Affaire Corela SA: Mauro Poggia réclame un audit

REBONDISSEMENT • Le ministre de la Santé demande à la Finma, autorité de surveillance des assureurs privés, d’examiner toutes les expertises médicales de la clinique Corela SA. But? Traquer les abus et permettre aux assurés de faire valoir leurs droits. Explications.

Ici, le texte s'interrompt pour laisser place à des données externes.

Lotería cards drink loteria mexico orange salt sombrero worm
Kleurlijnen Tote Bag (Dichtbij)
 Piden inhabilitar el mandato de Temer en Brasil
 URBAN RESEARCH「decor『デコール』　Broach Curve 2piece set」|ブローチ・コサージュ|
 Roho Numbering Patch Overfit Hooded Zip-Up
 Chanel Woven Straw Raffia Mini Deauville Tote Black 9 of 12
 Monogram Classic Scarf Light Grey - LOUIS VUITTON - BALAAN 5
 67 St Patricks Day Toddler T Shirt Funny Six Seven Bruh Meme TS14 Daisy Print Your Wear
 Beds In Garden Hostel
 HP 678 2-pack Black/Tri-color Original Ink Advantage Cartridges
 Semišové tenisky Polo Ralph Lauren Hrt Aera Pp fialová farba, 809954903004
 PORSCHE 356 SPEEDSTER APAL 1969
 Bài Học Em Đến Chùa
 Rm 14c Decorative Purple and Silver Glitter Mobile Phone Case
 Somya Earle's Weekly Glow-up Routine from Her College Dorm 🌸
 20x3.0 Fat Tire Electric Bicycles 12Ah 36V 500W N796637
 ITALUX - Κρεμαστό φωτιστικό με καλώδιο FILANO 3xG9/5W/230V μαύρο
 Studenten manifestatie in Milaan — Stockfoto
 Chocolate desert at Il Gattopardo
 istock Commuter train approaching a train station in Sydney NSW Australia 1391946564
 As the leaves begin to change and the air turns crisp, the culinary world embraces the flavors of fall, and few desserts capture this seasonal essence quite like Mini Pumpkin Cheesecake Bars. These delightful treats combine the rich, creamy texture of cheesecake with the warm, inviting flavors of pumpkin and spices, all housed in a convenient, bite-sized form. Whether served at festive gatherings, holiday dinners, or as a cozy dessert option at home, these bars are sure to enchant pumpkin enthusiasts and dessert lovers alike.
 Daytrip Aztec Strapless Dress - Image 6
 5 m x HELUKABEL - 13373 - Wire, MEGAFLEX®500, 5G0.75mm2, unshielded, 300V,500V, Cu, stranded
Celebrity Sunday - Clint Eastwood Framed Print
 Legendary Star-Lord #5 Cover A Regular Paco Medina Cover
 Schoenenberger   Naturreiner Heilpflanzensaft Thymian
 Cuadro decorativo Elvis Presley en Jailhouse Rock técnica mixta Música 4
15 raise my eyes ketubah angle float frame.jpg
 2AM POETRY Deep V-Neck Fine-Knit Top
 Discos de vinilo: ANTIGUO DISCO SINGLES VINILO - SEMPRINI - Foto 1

  • Mauro Poggia: «Les victimes potentielles d’abus d’expertise doivent être informées.» DR

    Mauro Poggia: «Les victimes potentielles d’abus d’expertise doivent être informées.» DR

«Dans une lettre du 9 mars, j’ai demandé à la Finma, autorité de surveillance des assureurs privés, de mandater un audit indépendant aux fins d’examiner l’ensemble des rapports d’expertises médicales émis en Suisse romande par la Clinique Corela SA, aujourd’hui MedLex SA», révèle, plus pugnace que jamais, Mauro Poggia, chef du Département de l’emploi, des affaires sociales et de la santé (DEAS). Pour mémoire, le canton de Genève a retiré, fin février et pour trois mois, l’autorisation d’exploiter à la clinique genevoise spécialisée dans les expertises médicales, suspension s’appuyant sur un arrêt du Tribunal fédéral du 22 décembre 2017. En cause? «Des rapports d’expertise modifiés a posteriori à l’insu de l’expert et, de toute évidence, afin d’exposer une thèse conforme à l’assureur», pointe le magistrat.

Droits des assurés

«Selon l’enquête, 90% des expertises médicales de Corela SA étaient faites pour le compte d’assureurs privés. Or, ces derniers ne sont pas soumis au contrôle de l’Office fédéral des assurances sociales. Seule la Finma, autorité de surveillance, dispose des moyens d’investigation pour établir le pourcentage exact de situations dans lesquelles les thèses de l’assureur, à tort ou à raison, ont été retenues au détriment de celles de l’assuré», explique Mauro Poggia. Avant de préciser: «Si l’audit montre que les statistiques favorables à l’assureur sont sans commune mesure avec l’expérience de la vie, il faudra questionner les rapports entres lesdits assureurs et le bureau d’expertise genevois. Dans tous les cas, cet audit est le seul moyen de s’assurer que les victimes potentielles d’abus d’expertise soient informées de leurs droits. Et puissent demander, dans la limite des prescriptions légales et sans préjuger aucunement du bienfondé de la démarche, une révision de la décision ou une reconsidération de la prise de position», note le ministre.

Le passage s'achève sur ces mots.